Gubernur Sulsel, Nurdin Abdullah, saat tiba di Gedung Merah Putih KPK, Jakarta, Sabtu (27/2/2021). (Antara Foto/Dhemas Reviyanto)

MONITOR, Jakarta – Gubernur Sulawesi Selatan (Sulsel), Nurdin Abdullah, membantah terlibat dalam kasus dugaan suap dan gratifikasi terkait pengadaan barang dan jasa, perizinan dan pembangunan infrastruktur Tahun Anggaran 2020-2021.

“Ternyata Edy itu melakukan transaksi tanpa sepengetahuan saya. Sama sekali tidak tahu, demi Allah, demi Allah,” ungkapnya di Gedung KPK, Jakarta, Minggu (28/2/2021).

Selain Nurdin Abdullah, KPK juga telah menetapkan dua tersangka lainnya, yaitu Sekretaris Dinas Pekerjaan Umum dan Tata Ruang (Sekdis PUTR) Sulsel Edy Rahmat atau orang kepercayaan Nurdin dan Agung Sucipto selaku kontraktor.

Namun kendati demikian, Nurdin Abdullah pun mengaku ikhlas menjalani proses hukum yang ada saat ini dan ia pun memohon maaf kepada seluruh masyarakat Sulsel khususnya, serta masyarakat Indonesia pada umumnya.

“Saya ikhlas menjalani proses hukum karena memang kemarin itu tidak tahu apa-apa kita, saya mohon maaf,” ujarnya.

Sekadar informasi, Nurdin Abdullah diduga menerima total Rp5,4 miliar dengan rincian pada 26 Februari 2021 menerima Rp2 miliar yang diserahkan melalui Edy Rahmat dari Agung Sucipto.
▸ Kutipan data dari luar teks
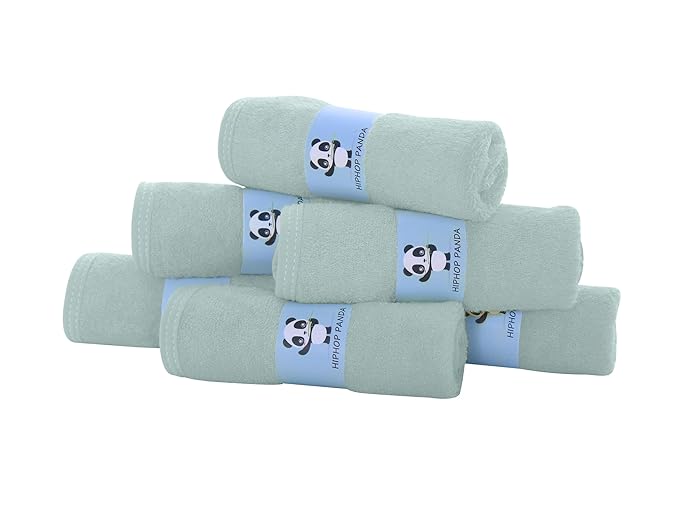 HIPHOP PANDA Baby Washcloths, Rayon Made from Bamboo - 2 Layer Ultra Soft Absorbent Newborn Bath Face Towel - Reusable Baby Wipes for Delicate Skin - Green, 6 Pack-BubblyBeeBaby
Selain itu, Nurdin Abdullah juga diduga menerima uang dari kontraktor lain di antaranya pada akhir 2020 sebesar Rp200 juta, pertengahan Februari 2021 Nurdin Abdullah melalui ajudannya bernama Samsul Bahri menerima uang Rp1 miliar dan awal Februari 2021 menerima uang Rp2,2 miliar.

Atas perbuatannya, Nurdin Abdullah dan Edy Rahmat sebagai penerima disangkakan melanggar Pasal 12 huruf a atau Pasal 12 huruf b atau Pasal 11 dan Pasal 12B Undang-Undang Nomor 31 Tahun 1999 tentang Pemberantasan Tindak Pidana Korupsi (UU Tipikor) sebagaimana telah diubah dengan Undang-Undang Nomor 20 Tahun 2001 jo Pasal 55 ayat 1 ke-1 KUHP.

Sementara sebagai pemberi, Agung Sucipto disangkakan melanggar Pasal 5 ayat (1) huruf a atau Pasal 5 ayat (1) huruf b atau Pasal 13 UU Nomor 31 Tahun 1999 tentang Pemberantasan Tipikor sebagaimana telah diubah dengan Undang-Undang Nomor 20 Tahun 2001 jo Pasal 55 ayat 1 ke-1 KUHP.

KPK telah menahan ketiganya selama 20 hari pertama sejak 27 Februari 2021 sampai dengan 18 Maret 2021 mendatang.

Nurdin Abdullah ditahan di Rutan KPK Cabang Pomdam Jaya Guntur, Edy Rahmat di Rutan KPK pada Kavling C1 atau Gedung Pusat Edukasi Antikorupsi KPK dan Agung Sucipto ditahan di Rutan KPK pada Gedung Merah Putih KPK.